**Task prompt:** Could you transcribe exactly the lines from the one containing "Tapa Bide Roca Happening..." through the last line of the records below, leaving out the pictures?

[Scraped caption text data]

···

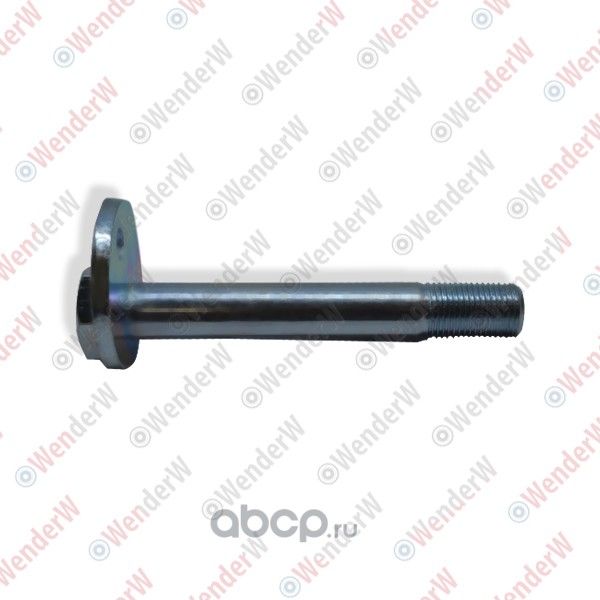БОЛТ РАЗВАЛЬНЫЙ TOYOTA HIACE H100 95-04 (Wenderw). Артикул WEL104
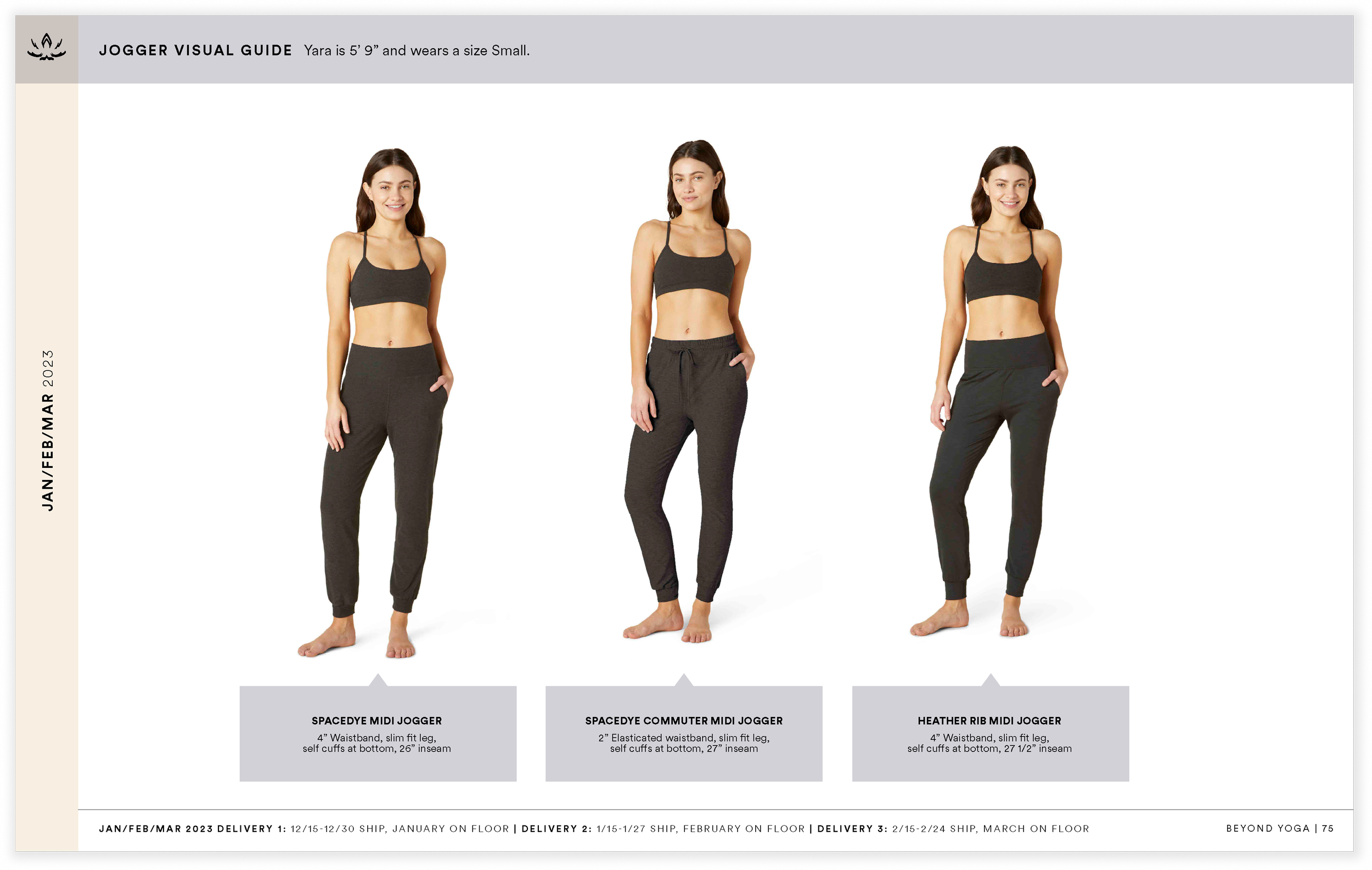 S23_LINESHEET_WML_DOMESTIC (1)_Page_75 1.png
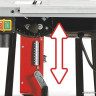 Деревообрабатывающий станок Einhell TC-TS 315 U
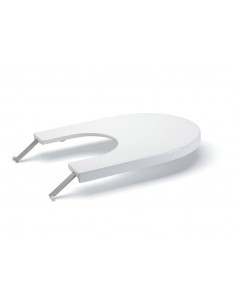 Tapa Bide Roca Happening...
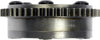 Dorman 917-251 Engine Variable Valve Timing (VVT) Sprocket Compatible with Select Honda Models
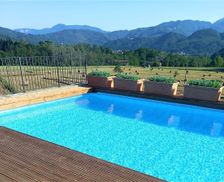 Italy Provincia di Lucca Toscana vacation rental compare prices direct by owner 4462942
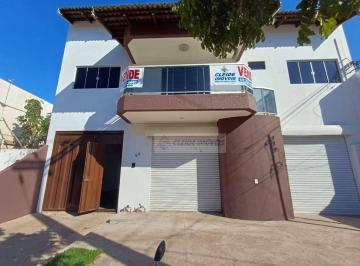 4196249a57dbf9a7693ed7543a9439d9.jpg · Casa com 3 dormitórios, 250 m² - venda por R$ 1.350.000,00 ou aluguel por R$ 7.500,00/mês - Morada d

···

**Expected answer:**
 Tapa Bide Roca Happening...
 Dorman 917-251 Engine Variable Valve Timing (VVT) Sprocket Compatible with Select Honda Models
 Italy Provincia di Lucca Toscana vacation rental compare prices direct by owner 4462942
 4196249a57dbf9a7693ed7543a9439d9.jpg · Casa com 3 dormitórios, 250 m² - venda por R$ 1.350.000,00 ou aluguel por R$ 7.500,00/mês - Morada d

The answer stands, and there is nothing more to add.